4. Position of CSD

CSD argues that sanctions are warranted against PFL for using the registration process instead of an application for authority to operate, and for starting construction of its fiber optic project before obtaining CEQA approval. CSD investigator Stephanie Amato testified that, regardless of conflicting advice that PFL may have received from Commission staff members, PFL knew or should have known that it was not eligible to use the simplified registration process to register as a facilities-based NDIEC in California.

Amato testified that the instructions for the registration process state:


"Only facilities which meet the requirements for exemption from the California Environmental Quality Act (CEQA) pursuant to Commission Rules of Practice and Procedure 17.1(h)(1)(A)(1) may be included in a CPCN registration. All other facilities will require a formal application."" (Exhibit 1, at 4.)

Amato testified that this instruction is on the Telecommunications Division webpage and is printed out along with the two-page registration form. The rule also is stated in the Commission decision establishing the registration process. (Re Simplified Registration Process for Nondominant Telecommunications Firms (1997) D.97-06-107, 73 CPUC2d 288, 298.) The referenced Rule 17.1(h)(1)(A)(1) provides an exemption only for restoration and repair of existing structures where the damage is not substantial, an exemption not applicable to PFL.

According to CSD, PFL should have known that it was ineligible to use the simplified registration procedure and therefore was required by Rule 17.1 to file a formal application with an accompanying Proponent's Environmental Assessment (Rule 17.1(c) and (d)).

CSD also presented the testimony of three Commission staff members who had dealt with PFL: Joseph McIlvain, regulatory analyst responsible at the time for dealing with NDIEC applications; John Boccio, regulatory analyst in the Environmental Projects Unit of the Commission's Energy Division; and Andrew Barnsdale, environmental programs manager.

McIlvain testified that he receives hundreds of calls from telephone company representatives and he did not recall details of calls from PFL representatives in 1998. On cross-examination, however, he stated that the Commission in 1998 did not do CEQA reviews for applicants seeking only NDIEC authority, and he was likely to have advised callers to check the Commission's web site and use the simplified registration form. McIlvain said that the policy changed in 1999, and he began telling "facilities-based" NDIEC applicants that they would have to file an application and comply with CEQA requirements. Facilities-based carriers are those that plan to construct their own facilities rather than use the facilities of other telephone companies. McIlvain said that only about 20 or 30 of the 738 NDIECs registered with the Commission in January 2000 were facilities-based.

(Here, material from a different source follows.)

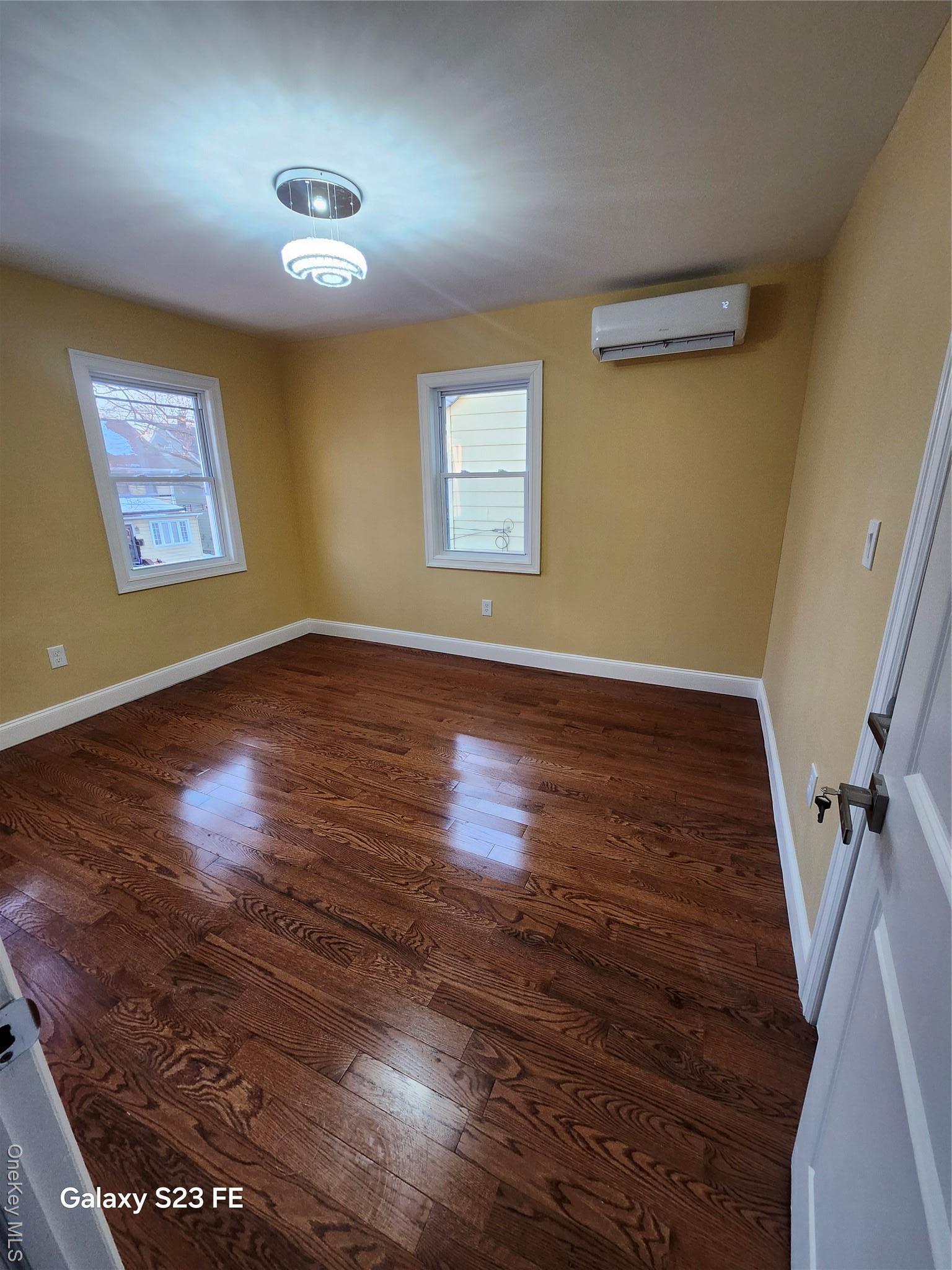 Single Family 114th  Queens, NY 11412, MLS-959131-8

Boccio testified that he had many conversations in 1998 with Anita Taff-Rice, an attorney for PFL. He said that he told her that CEQA review for facilities-based long distance carriers was a "gray area," and no definitive policy was in place at that time. He said that Taff-Rice argued that the authority already granted to PFL should be sufficient to permit construction in roadside rights-of-way. Boccio further testified that he and Barnsdale counseled PFL not to begin construction until the CEQA question was resolved.

On cross-examination, Boccio stated that the CEQA unit in 1998 dealt primarily with energy utilities, and PFL was the first NDIEC telephone applicant to seek CEQA review. He stated that he had explored many options for handling the matter administratively, including the use of the "batch processing" review that was in place for competitive local carriers. (The batch processing of CLC applicants with construction plans took place on a quarterly basis and involved a blanket mitigated negative declaration for all of the carriers. This process was discontinued in 1999 and replaced with a case-by-case review of applicants.) Boccio testified that he worked cooperatively with PFL trying to resolve the CEQA question, and that he made a number of phone calls on PFL's behalf to other agencies.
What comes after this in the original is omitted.